- Description of the task -
Take the line that contains "Продам робот-пылесос Samsung Jet Bot" and each line after it to the end of the material below, and return them exactly, minus the pictures.

- Dataset extract -
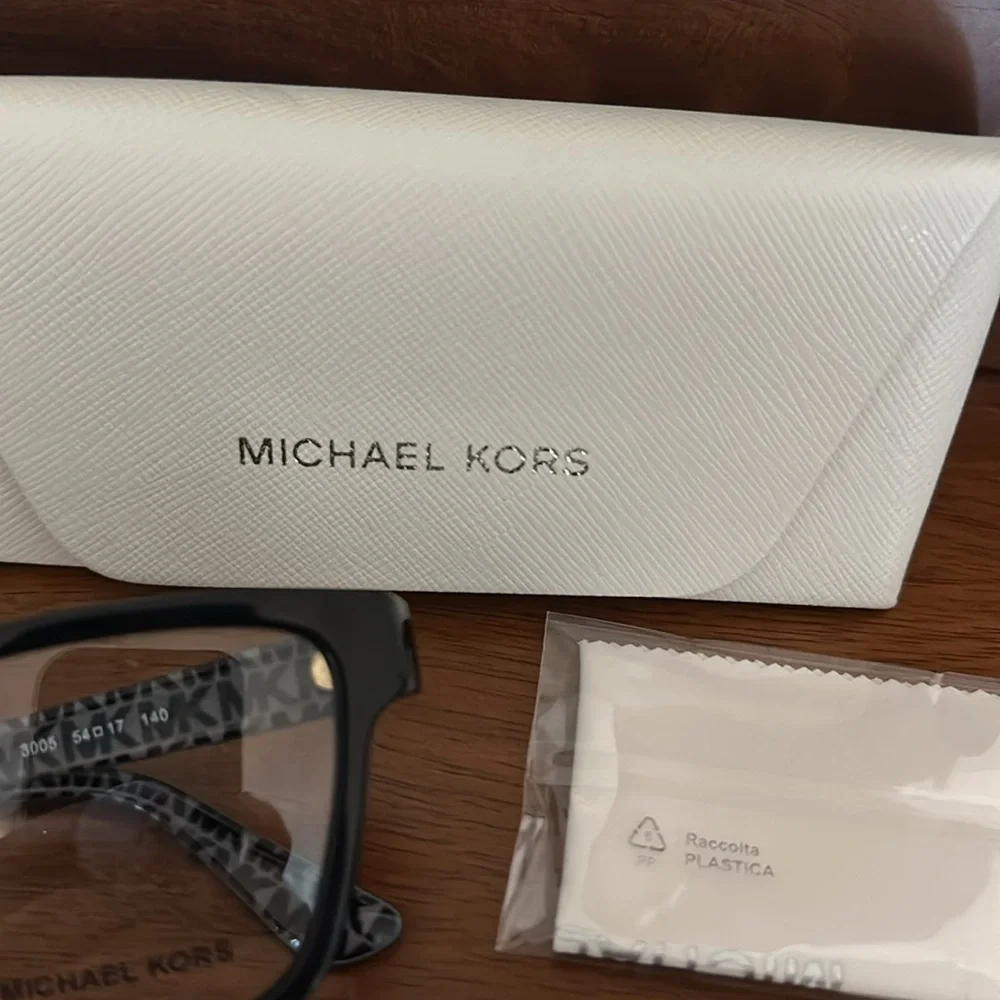 Michael Kors Black Eyeglasses for prescription with Case New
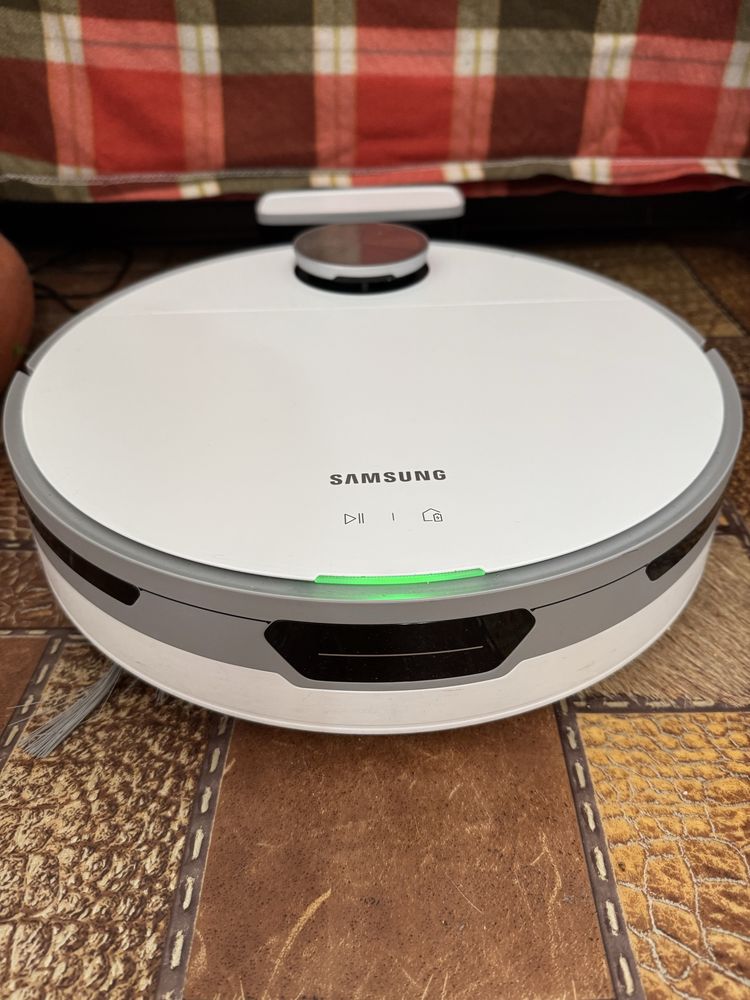 Продам робот-пылесос Samsung Jet Bot
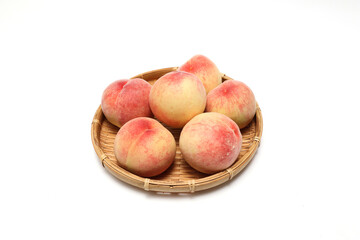 白背景の笊にのせた桃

- Your solution -
 Продам робот-пылесос Samsung Jet Bot
 白背景の笊にのせた桃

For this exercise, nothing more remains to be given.